Tangled in the Threads

Jon Udell, May 22, 2002

Personal RSS aggregators

Not long ago, RSS (Rich Site Summary) aggregators were large centralized services: My Netscape, My UserLand, Meerkat. Today, RSS news plays a diminished role at My Netscape. The My UserLand service is decommissioned. Meerkat remains a popular feature of the O'Reilly Network, enabling techies to read and search the standard sources on topics like Linux, XML, and security. But there have been just seven new channels added to Meerkat so far this year. Clearly it's not keeping up with the explosion of activity in blogspace.

Has RSS run out of steam? Quite the opposite. There's more action than ever, but it's shifted into a decentralized mode. That's just what the RSS network needed to do in order to truly operate at Internet scale.

I've been running Radio UserLand for about four months now, and the built-in RSS aggregator has changed how I process information in a dramatic way. At first, my list of channels was biased towards "official" sources -- that is, the RSS channels published by newspapers, magazines, and websites in the areas of interest to me. Increasingly, though, I now rely on other people who are active in these areas, and who are publishing weblogs to which I can subscribe by way of RSS.

There is a deep principle at work here. The relevance engine that powers the emerging RSS network is, very much like Google's relevance engine, decentralized and ultimately social in nature. The links that Google counts are, as Cory Doctorow has said in a beautiful essay, "made by human beings, doing what they do best, link by link, drip by drip." Similarly the raw output of the online news collective is filtered for me by people doing what they do best: spotting patterns, alerting the tribe.

Years ago I attended a seminar on advanced text processing at which Reuters demonstrated a state-of-the-art news filtering system. Built on a Symbolics Lisp machine, it used natural-language-understanding software to read through Reuters' feeds, which then amounted to some 7000 stories per day, and sort them into bins -- a classification service for which customers paid handsomely. Heuristics in the software enabled it to figure out that a story that mentioned "gold" should land in the precious metals bin -- unless, that is, it mentioned Mr. Gold in which case it probably shouldn't.

That filtering mechanism seemed unlikely to me then, and seems even less so now. If not today, then soon, we'll see weblogs written by people who professionally follow precious metals and every other imaginable field. They'll do so because they have to stay on top of these fields, and because they want to establish themselves as authoritative in them.

No single person will be completely authoritative in any one area, but that won't matter -- in fact, it's better that way. In the interplay among several weblogs, the sum can be greater than the parts. Dave Winer calls this the triangulation effect, and on Scripting News he recently pointed to a great example of it. One weblog mentioned that the Mono project was making progress in its support for ADO.NET. Another weblog acknowledged and amplified. Then still another web log did the same. Dave wrote:

A bunch of Dot-Net developers have weblogs. One of them spotted something happening with the Mono project. Would I have a clue what it meant? No way. I watched the news percolate from one developer to another and they're all ack'ing it. So now I know something is happening. In the past, without such verification, I wouldn't have a clue.
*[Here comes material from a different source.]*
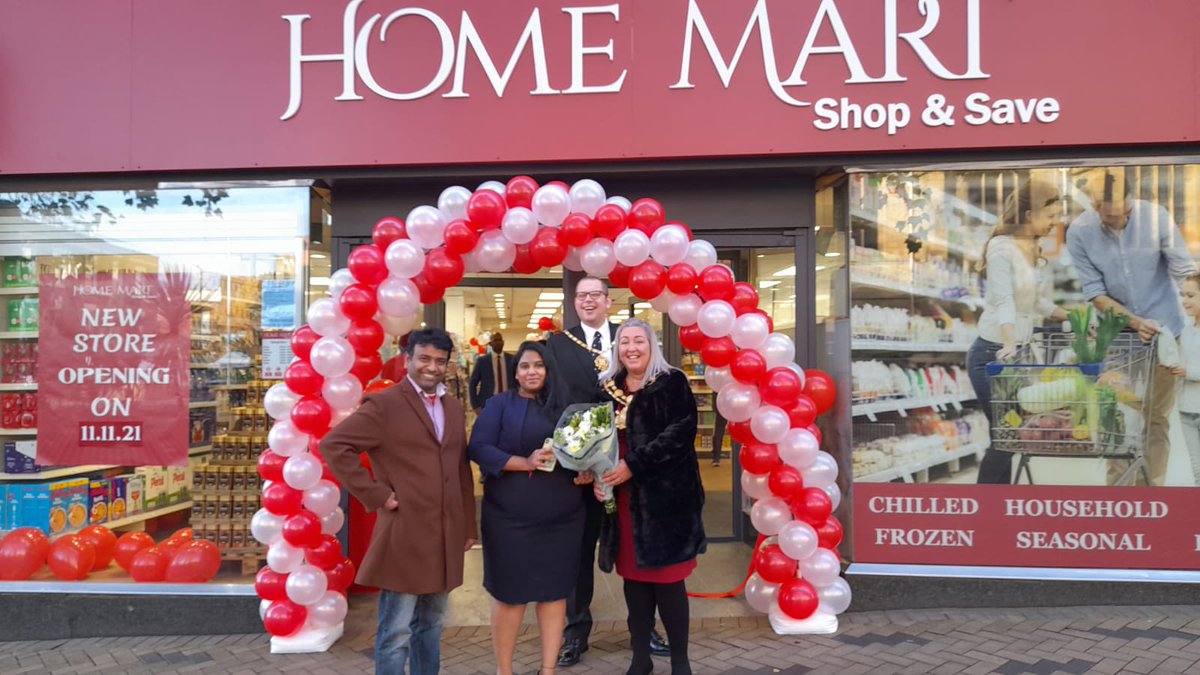 WakefieldMayor's tweet photo. Delighted to be able to officially open the new Home Mart store on the precinct in Wakefield today #wakefield #new #homemart #mayor https://t.co/cnuhiBibtb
Exactly. And while the people most attuned to this new mode of communication are themselves bloggers, both reading and writing these information flows, there is no requirement that you write a weblog in order to tap into the collective mind. If you simply need to monitor the action, there are a number of personal RSS aggregators. I'd been aware of several of them, and Mike Krus of News Is Free pointed me to a list that included others I hadn't heard of.

Carmen's Headline Viewer

This Windows-based viewer was the first standalone RSS reader I used. As has become typical, it uses a newsreader-like triple-pane layout and encourages you to organize feeds into categories. The software hasn't been updated in a while, though, so its provider lists (that is, preconfigured sets of channels) are out of date, and it won't read newer formats like RSS .92 and 1.0.

AmphetaDesk

AmphetaDesk is an example of something that I thought long ago would be an important model for Internet software. It's written in Perl (compiled to executable form for the convenience of Windows and Mac users), and plays its user interface into a web browser.
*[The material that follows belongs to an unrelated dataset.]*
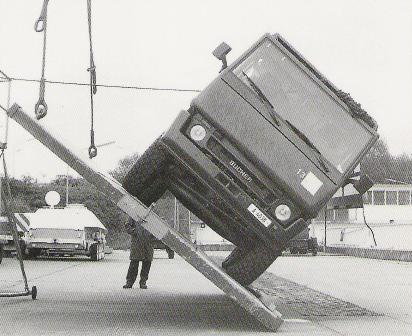 le véhicule en question est dans mon jardin... enfin... celui de la voisine...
AmphetaDesk takes a simple and straightforward approach to serving up your channels. What's appealing to me is that, because it's written in script (as is Radio UserLand's aggregator, by the way), its open to experimentation. Beyond organizing channels into categories (which AmphetaDesk currently doesn't do), there are a range of interesting possibilities to explore at the intersection between people and news flows. In my original review of Radio UserLand, I said that RSS is the protocol of a knowledge network, and that people are the routers. We don't yet know what kinds of software assistance people will need to best perform that routing function. So personal aggregators that are scriptable, and that can quickly evolve, are going to be key players in the ecosystem.

News Is Free

Mike Krus reminded me that the RSS aggregation at News Is Free, though centralized, is nonetheless personal. If you create an account there, you can use the website as a cloud-based personal aggregator. Any of the feeds it collects can be added to custom pages that you define. This arrangement delivers all the usual benefits of cloud-based software: zero footprint, anywhere/anytime access.

You can't subscribe directly to a channel that isn't yet in the service, though you can recommend one for inclusion. But in practice, this may not be a serious limitation. The Google principle tends to assure that sources of information interesting to a number of people are going to show up in News Is Free. (The New Channels meta-feed from News Is Free is a good one to watch, by the way).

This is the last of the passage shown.